*** Opening THE DATA ***
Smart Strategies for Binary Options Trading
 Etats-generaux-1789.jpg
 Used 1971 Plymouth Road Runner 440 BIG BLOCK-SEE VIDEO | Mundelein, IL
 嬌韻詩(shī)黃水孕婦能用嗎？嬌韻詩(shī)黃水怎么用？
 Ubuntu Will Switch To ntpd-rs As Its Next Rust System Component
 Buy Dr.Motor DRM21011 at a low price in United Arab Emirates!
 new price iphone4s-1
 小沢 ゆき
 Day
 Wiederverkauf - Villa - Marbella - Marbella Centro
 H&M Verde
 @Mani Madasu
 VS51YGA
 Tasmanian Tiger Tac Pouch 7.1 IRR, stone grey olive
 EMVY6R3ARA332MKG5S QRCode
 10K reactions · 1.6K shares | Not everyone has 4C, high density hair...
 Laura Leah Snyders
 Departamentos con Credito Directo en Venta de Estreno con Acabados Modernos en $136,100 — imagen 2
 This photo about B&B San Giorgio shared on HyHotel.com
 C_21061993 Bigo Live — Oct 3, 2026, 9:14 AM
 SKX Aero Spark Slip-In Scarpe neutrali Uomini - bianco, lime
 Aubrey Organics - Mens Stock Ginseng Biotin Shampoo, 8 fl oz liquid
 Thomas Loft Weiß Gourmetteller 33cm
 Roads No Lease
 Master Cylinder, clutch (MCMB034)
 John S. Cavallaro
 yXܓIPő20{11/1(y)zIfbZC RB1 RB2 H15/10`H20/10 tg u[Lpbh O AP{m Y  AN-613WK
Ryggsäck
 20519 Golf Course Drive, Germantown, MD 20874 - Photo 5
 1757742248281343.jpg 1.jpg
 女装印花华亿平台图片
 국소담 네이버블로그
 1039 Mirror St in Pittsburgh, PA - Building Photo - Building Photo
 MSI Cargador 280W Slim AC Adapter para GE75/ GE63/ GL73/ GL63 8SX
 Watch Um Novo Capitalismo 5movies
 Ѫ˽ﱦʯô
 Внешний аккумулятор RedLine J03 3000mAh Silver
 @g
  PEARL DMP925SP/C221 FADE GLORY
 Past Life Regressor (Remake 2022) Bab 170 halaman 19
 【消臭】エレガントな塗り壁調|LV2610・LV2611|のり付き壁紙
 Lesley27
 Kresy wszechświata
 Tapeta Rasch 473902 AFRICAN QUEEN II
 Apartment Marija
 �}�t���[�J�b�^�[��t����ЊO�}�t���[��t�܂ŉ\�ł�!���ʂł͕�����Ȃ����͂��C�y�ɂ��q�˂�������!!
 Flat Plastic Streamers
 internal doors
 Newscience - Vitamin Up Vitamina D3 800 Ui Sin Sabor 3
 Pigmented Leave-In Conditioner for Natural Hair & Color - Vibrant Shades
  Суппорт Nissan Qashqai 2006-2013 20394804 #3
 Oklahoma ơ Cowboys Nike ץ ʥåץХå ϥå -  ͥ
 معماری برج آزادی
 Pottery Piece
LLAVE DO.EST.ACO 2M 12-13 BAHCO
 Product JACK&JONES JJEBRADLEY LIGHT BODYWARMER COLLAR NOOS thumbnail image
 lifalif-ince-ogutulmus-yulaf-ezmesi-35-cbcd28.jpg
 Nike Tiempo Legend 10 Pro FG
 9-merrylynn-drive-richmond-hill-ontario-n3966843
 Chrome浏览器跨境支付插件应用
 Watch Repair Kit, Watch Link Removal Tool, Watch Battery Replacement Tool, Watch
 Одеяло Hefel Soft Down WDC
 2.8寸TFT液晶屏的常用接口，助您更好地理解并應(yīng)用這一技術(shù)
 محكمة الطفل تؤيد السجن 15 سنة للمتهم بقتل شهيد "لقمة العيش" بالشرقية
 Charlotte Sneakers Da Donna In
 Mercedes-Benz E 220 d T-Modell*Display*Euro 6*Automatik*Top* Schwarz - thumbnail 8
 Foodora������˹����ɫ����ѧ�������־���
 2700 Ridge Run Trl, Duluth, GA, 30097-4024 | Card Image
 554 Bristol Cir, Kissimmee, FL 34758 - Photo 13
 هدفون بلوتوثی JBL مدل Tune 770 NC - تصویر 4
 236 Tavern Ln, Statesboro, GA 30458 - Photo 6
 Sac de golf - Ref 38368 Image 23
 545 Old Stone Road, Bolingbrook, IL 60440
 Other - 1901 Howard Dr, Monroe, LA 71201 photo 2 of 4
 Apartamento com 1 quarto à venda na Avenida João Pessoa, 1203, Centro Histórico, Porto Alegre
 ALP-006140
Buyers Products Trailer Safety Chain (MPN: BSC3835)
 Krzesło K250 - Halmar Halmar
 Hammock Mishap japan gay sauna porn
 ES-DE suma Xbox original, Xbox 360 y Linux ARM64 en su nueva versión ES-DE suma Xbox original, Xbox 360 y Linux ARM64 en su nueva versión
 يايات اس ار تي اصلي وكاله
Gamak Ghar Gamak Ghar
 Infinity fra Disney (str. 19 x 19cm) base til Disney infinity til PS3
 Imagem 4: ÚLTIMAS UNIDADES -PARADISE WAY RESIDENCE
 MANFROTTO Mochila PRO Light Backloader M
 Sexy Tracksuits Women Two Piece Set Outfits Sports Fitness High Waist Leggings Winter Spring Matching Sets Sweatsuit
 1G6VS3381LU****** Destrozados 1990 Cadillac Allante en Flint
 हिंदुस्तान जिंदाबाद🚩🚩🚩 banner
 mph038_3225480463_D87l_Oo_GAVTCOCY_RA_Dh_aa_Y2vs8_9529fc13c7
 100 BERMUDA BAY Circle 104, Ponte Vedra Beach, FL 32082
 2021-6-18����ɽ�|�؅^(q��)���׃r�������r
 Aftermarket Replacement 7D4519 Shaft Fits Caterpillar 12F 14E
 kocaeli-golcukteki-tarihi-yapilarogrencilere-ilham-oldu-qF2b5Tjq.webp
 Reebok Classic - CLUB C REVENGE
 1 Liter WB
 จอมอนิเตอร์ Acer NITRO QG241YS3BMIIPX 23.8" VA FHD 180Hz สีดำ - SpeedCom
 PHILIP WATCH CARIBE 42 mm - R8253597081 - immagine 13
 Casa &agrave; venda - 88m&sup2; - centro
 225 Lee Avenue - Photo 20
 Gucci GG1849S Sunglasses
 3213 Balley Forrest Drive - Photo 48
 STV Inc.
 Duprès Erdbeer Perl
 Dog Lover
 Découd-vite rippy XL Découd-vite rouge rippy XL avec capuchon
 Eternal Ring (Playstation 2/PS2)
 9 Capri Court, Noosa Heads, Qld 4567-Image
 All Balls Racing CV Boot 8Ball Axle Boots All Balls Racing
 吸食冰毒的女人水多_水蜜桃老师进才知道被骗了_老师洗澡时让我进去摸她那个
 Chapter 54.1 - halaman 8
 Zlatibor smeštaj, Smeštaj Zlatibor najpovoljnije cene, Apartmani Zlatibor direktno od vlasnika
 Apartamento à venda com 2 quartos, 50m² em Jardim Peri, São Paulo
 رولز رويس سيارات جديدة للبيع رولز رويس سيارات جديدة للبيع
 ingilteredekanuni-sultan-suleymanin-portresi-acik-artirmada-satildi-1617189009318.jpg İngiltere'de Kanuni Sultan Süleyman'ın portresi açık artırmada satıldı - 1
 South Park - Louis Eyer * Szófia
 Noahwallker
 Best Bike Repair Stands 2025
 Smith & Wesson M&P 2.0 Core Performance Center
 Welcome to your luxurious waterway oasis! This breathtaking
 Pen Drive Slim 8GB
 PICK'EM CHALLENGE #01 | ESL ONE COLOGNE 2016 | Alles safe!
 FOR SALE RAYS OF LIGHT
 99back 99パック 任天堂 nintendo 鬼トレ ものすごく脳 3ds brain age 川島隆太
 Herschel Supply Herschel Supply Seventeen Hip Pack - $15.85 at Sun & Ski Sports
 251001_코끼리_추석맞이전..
*** Closing THE DATA ***
TASK REQUIREMENTS = Every line that contains the string "venda" should be returned from the data.

SOLUTION FOR THIS PROBLEM =
 Apartamento com 1 quarto à venda na Avenida João Pessoa, 1203, Centro Histórico, Porto Alegre
 Casa &agrave; venda - 88m&sup2; - centro
 Apartamento à venda com 2 quartos, 50m² em Jardim Peri, São Paulo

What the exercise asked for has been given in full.